What you have to do
Would you filter the listing below so that only lines with the word "Double" remain?

»»

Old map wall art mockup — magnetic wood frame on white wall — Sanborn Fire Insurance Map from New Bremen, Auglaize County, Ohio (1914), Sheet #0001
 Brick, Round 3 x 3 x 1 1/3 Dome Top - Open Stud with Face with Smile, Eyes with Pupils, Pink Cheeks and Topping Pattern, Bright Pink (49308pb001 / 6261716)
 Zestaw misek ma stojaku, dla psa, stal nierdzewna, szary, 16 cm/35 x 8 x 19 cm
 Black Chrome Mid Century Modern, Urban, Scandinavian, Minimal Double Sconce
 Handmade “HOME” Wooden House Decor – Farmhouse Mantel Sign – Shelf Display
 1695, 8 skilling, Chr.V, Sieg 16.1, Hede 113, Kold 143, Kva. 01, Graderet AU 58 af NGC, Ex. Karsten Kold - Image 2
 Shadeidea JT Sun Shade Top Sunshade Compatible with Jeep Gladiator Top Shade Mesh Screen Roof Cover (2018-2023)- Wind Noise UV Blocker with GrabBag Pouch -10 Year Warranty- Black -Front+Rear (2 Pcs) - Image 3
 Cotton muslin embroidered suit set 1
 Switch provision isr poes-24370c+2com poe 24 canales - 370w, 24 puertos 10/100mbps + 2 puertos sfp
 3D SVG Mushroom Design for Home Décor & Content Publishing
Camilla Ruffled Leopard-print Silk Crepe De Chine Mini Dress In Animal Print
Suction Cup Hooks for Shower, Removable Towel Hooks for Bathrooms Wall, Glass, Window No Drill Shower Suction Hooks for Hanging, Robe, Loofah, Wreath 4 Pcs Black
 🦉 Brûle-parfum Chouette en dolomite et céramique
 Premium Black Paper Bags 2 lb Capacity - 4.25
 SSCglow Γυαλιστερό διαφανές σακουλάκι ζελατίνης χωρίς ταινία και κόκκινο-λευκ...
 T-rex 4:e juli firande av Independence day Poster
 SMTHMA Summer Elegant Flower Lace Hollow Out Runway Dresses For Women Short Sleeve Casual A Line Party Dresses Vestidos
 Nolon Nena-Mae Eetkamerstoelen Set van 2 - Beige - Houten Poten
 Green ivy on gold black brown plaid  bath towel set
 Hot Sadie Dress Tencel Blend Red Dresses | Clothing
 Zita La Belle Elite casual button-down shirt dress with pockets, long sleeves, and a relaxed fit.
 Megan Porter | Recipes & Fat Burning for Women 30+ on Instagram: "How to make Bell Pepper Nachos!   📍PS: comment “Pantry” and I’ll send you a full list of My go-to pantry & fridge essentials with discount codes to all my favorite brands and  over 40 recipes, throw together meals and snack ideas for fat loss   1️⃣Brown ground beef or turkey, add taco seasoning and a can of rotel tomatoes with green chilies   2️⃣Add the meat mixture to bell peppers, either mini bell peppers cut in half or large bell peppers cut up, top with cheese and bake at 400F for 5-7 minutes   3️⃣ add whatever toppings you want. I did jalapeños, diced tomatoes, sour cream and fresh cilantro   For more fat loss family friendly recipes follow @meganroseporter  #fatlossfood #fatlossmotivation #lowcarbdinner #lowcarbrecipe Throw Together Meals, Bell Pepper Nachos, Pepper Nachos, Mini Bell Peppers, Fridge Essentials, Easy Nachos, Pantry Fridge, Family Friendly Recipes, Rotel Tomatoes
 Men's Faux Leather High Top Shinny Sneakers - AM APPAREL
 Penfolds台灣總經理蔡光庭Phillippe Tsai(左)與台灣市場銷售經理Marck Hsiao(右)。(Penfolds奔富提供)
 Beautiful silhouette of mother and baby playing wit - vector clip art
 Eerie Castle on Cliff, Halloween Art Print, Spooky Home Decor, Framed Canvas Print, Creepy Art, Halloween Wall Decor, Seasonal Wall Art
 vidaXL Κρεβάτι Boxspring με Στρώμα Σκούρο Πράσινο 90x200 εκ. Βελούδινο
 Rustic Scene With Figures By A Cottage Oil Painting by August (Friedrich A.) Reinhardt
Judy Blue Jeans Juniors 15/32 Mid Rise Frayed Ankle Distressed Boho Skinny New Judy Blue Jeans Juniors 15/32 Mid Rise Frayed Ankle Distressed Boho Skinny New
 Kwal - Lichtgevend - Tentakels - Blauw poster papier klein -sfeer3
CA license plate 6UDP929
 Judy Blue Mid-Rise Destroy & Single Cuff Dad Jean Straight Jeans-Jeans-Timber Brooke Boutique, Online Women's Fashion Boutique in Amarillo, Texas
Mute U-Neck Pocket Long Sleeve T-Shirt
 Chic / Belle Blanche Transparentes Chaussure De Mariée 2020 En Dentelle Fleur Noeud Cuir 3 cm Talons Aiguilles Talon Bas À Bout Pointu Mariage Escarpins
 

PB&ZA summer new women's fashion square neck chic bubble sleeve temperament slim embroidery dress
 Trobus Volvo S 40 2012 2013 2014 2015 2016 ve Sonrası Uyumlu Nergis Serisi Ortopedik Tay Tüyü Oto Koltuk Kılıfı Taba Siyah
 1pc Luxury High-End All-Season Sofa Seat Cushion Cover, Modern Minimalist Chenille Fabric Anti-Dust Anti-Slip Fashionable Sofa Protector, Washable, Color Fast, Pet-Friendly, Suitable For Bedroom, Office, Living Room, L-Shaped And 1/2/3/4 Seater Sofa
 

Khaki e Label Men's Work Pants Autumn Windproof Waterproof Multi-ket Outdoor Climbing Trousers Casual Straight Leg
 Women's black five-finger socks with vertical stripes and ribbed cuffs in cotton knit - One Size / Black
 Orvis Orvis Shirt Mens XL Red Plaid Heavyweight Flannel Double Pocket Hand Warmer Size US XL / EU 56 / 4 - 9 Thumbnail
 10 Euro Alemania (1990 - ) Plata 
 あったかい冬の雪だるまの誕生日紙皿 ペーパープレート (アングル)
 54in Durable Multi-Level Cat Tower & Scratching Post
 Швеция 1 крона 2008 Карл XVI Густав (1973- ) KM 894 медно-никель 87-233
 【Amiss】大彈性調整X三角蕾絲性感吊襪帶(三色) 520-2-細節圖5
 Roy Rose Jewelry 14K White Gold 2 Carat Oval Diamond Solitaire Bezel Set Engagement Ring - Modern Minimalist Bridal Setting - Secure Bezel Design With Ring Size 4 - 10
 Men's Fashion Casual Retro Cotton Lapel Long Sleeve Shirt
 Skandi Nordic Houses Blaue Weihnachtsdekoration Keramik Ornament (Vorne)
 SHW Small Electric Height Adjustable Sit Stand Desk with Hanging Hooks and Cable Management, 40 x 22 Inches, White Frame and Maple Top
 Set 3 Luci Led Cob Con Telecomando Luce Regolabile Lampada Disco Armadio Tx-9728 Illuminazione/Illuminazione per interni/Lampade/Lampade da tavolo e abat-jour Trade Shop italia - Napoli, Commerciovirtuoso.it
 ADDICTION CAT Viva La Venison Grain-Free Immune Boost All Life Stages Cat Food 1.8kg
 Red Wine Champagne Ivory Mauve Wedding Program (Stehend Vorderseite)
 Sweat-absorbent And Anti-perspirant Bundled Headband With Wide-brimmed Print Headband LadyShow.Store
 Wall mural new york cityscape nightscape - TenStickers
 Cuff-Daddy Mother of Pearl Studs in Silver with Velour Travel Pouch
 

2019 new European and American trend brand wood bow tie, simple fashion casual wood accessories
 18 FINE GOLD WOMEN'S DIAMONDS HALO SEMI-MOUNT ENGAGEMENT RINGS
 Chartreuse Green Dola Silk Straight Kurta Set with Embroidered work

««

Exercise response
 Black Chrome Mid Century Modern, Urban, Scandinavian, Minimal Double Sconce
 Orvis Orvis Shirt Mens XL Red Plaid Heavyweight Flannel Double Pocket Hand Warmer Size US XL / EU 56 / 4 - 9 Thumbnail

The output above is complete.